Non ricordo come finì la cosa, a dire il vero non mi interessava, quello che in quel momento avevo compreso era che la “rivoluzione” a me interessava a prescindere da chi ne parlasse e che mai mi sarei messa in mostra, in quel circo, per conquistare un ragazzo. Insomma le mie motivazioni erano serie e fondate e che quelle dei “leader massimi” non erano migliori o più valide delle mie.
Parlar di politica per farsi belli con le ragazze, non era ancora un difetto delle ragazze nei confronti dei maschi. Tutte noi sapevamo che gli uomini temono le donne intelligenti e spigliate e quindi se volevi acchiappare dovevi, se ci tenevi, trovare un altro sistema. E sia chiaro da quando ho iniziato a parlare, io non ho mai smesso 🙂 succeda quel che succeda e quell’altro sistema non l’ho mai utilizzato.
Quel che successe nel dopo “Do Farai” è storia personale ma anche Storia Generazionale. Molte disillusioni, passi in avanti di corsa e brusche stoppate. Successivamente anche tanti passi indietro, con tante storie di lotta e anche tanti morti. Ormai molti giochi sono stati fatti e molte conquiste sono messe in discussione e non solo le conquiste delle donne per le donne.

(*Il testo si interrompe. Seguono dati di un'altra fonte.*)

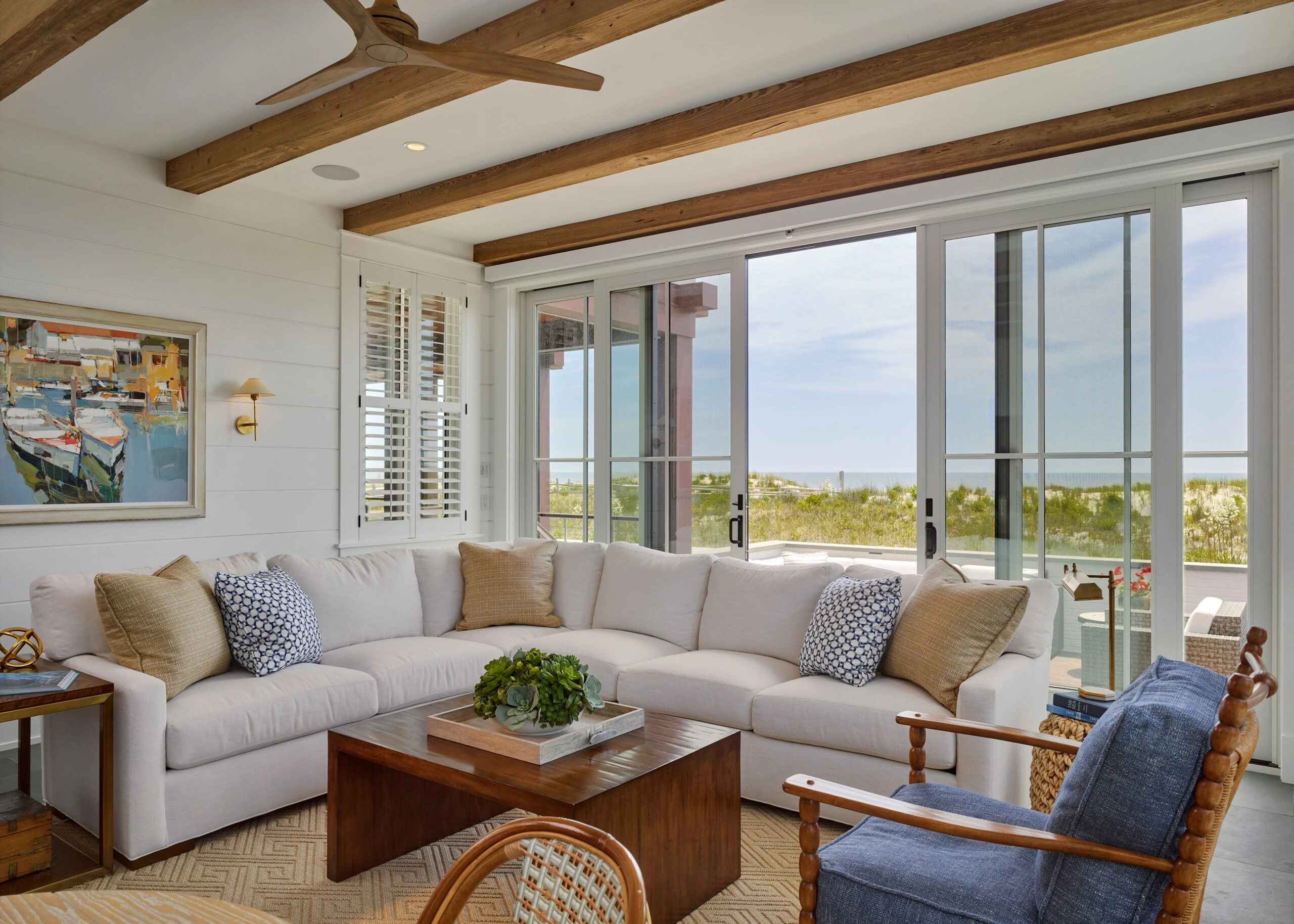 Modern coastal living room with exposed wood beams, floor-to-ceiling glazed doors, and ocean views.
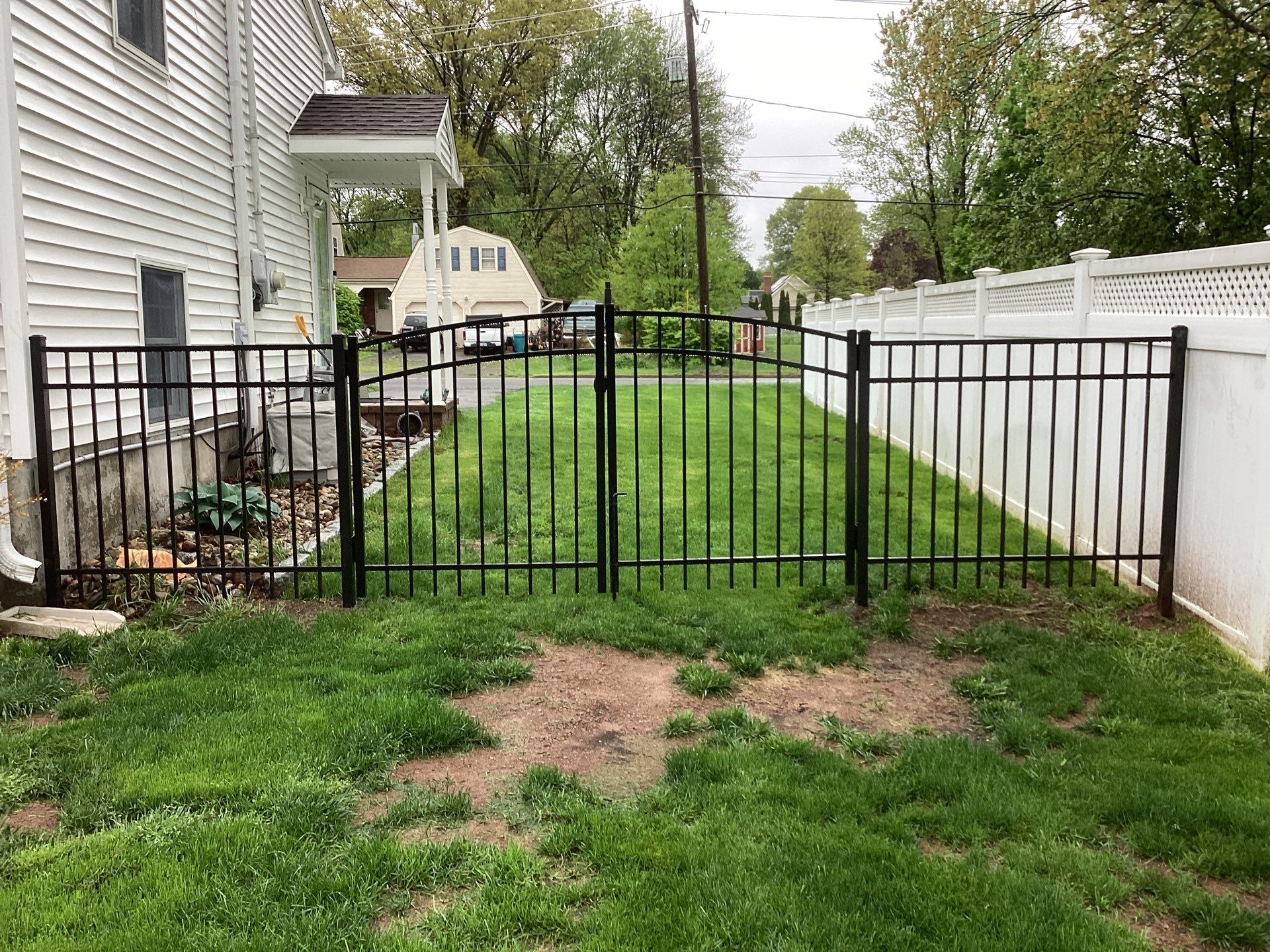 New Black Aluminum Fence and matching Gates by DiGiorgi Roofing and Siding Inc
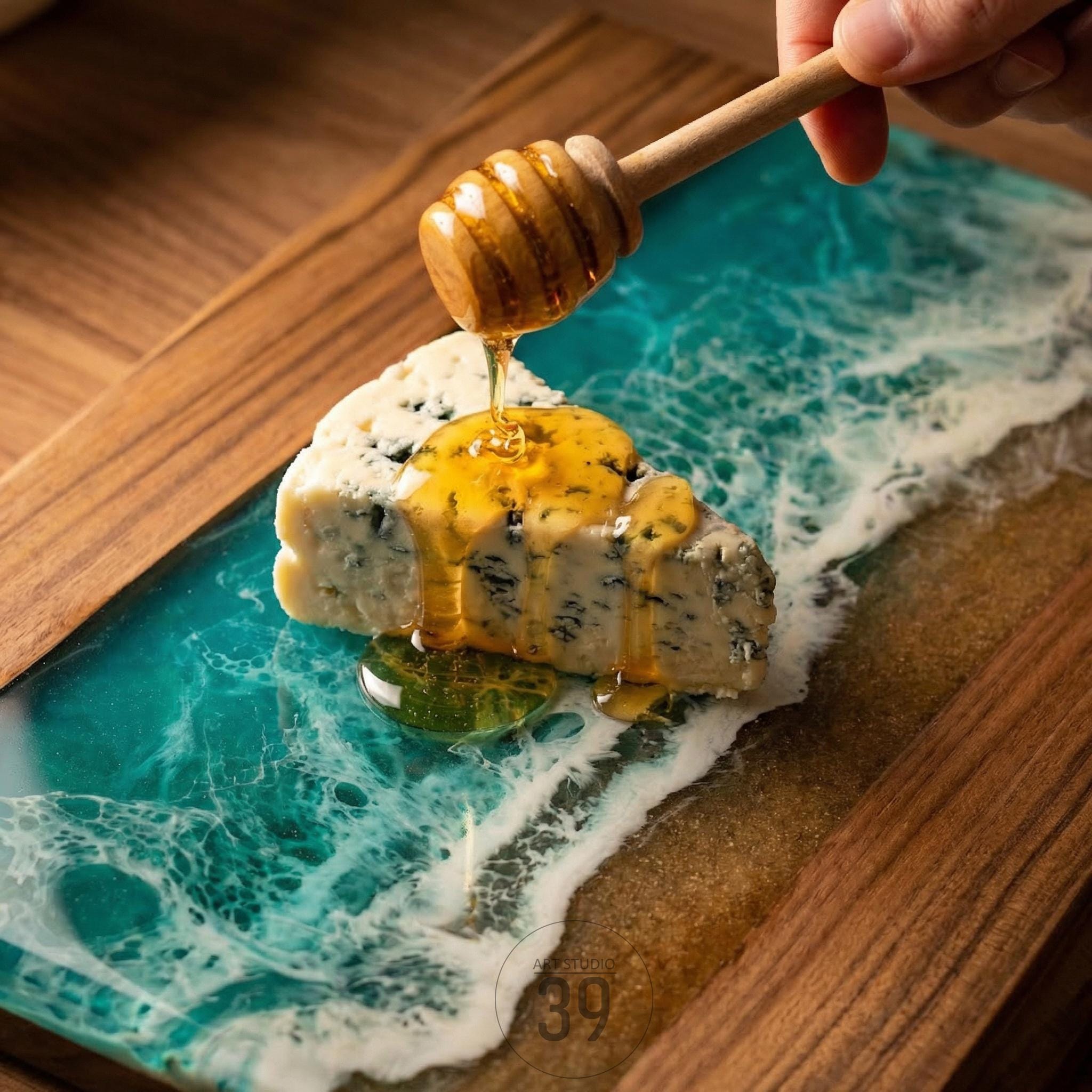 A wooden serving board with a blue and white resin design resembling ocean waves. A slice of blue cheese is drizzled with honey from a wooden honey dipper. The board has a wooden frame.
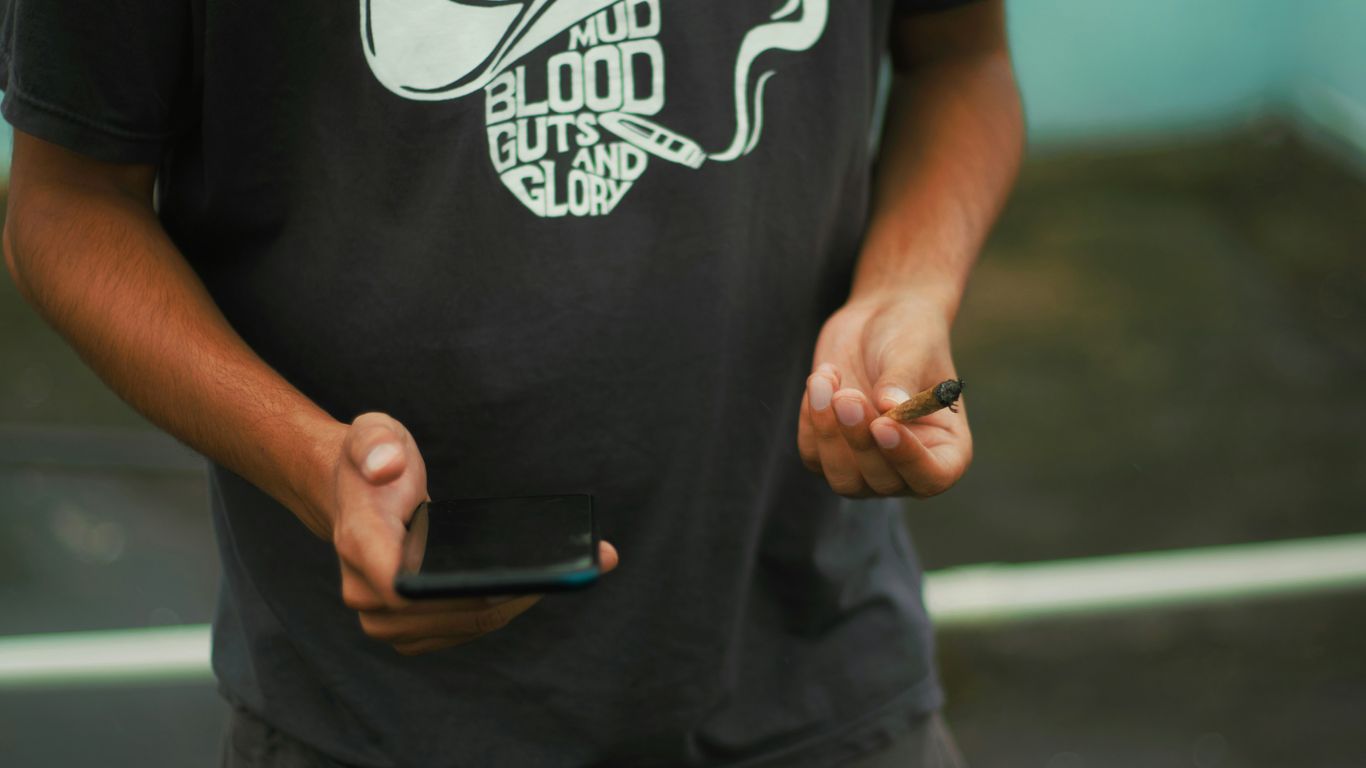 man in black and white crew neck t-shirt holding black smartphone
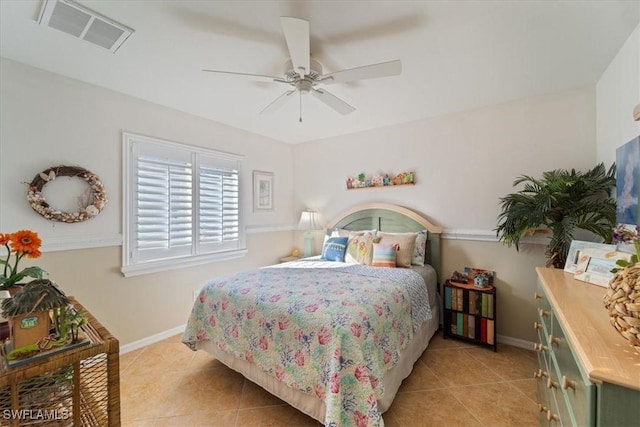 tiled bedroom featuring ceiling fan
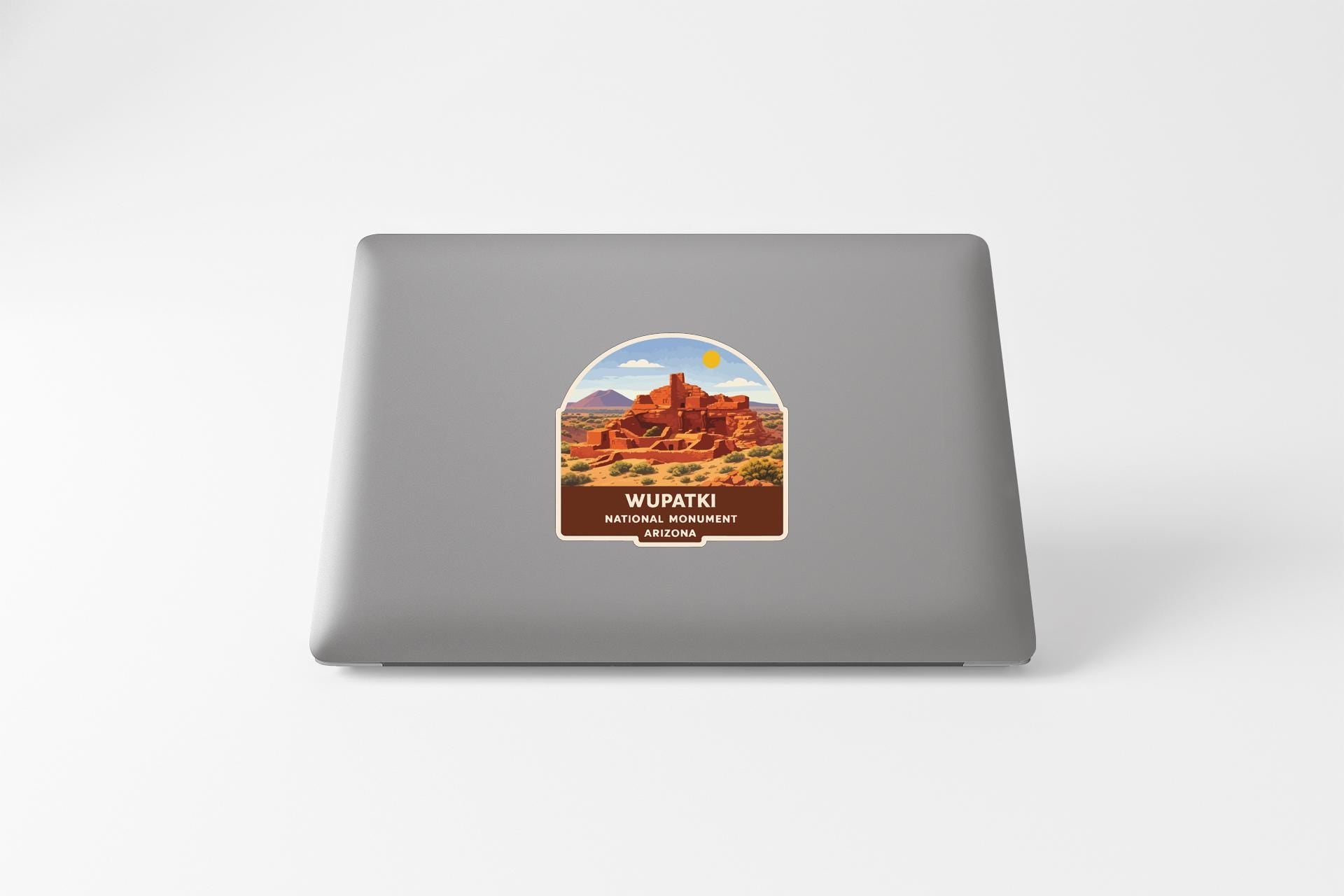 A sticker depicting the Wupati National Monument in Arizona.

La mia vita personale fu sufficientemente coerente, con qualche divagazione perchè sono un essere umano prima di essere donna. Ho sbagliato, rimediato e risbagliato… perchè questa è la vita. Sono femminista quando mi accorgo che noi donne non siamo trattate alla pari, e sono incazzata quando vedo le ingiustizie che travalicano il genere, praticamente sono una femminista incazzata a tempo pieno, ma amo la vita e il dono dell’altro sesso che sa rendere più divertente questo mondo a volte un po’ triste.
Se questo è essere donna, io lo sono. Se questo è essere una “vera signora” io continuerò a non esserlo o almeno a rifiutare una simile etichetta. Se non altro per l’odio che ho di andare dal parrucchiere e dall’estetista. Compro scarpe comode, che comode non sono mai a sufficienza e abiti che mi facciano sentire completamente a mio agio. Piaccio? Non so, non credo e se piaccio non è certo per questi ornamenti. Garantisco però, che so parlare ed ascoltare, se necessario, e ho il senso del ridicolo e del limite, cosa poco comune di questi tempi.
Amo sempre la Politica, ma quella con la P maiuscola. Quella di oggi ha la p minuscola, come sono minuscoli gli uomini e le donne che la praticano. Salvo qualche rarità, ma questo è un capitolo a parte, e ovviamente a prescindere dal genere.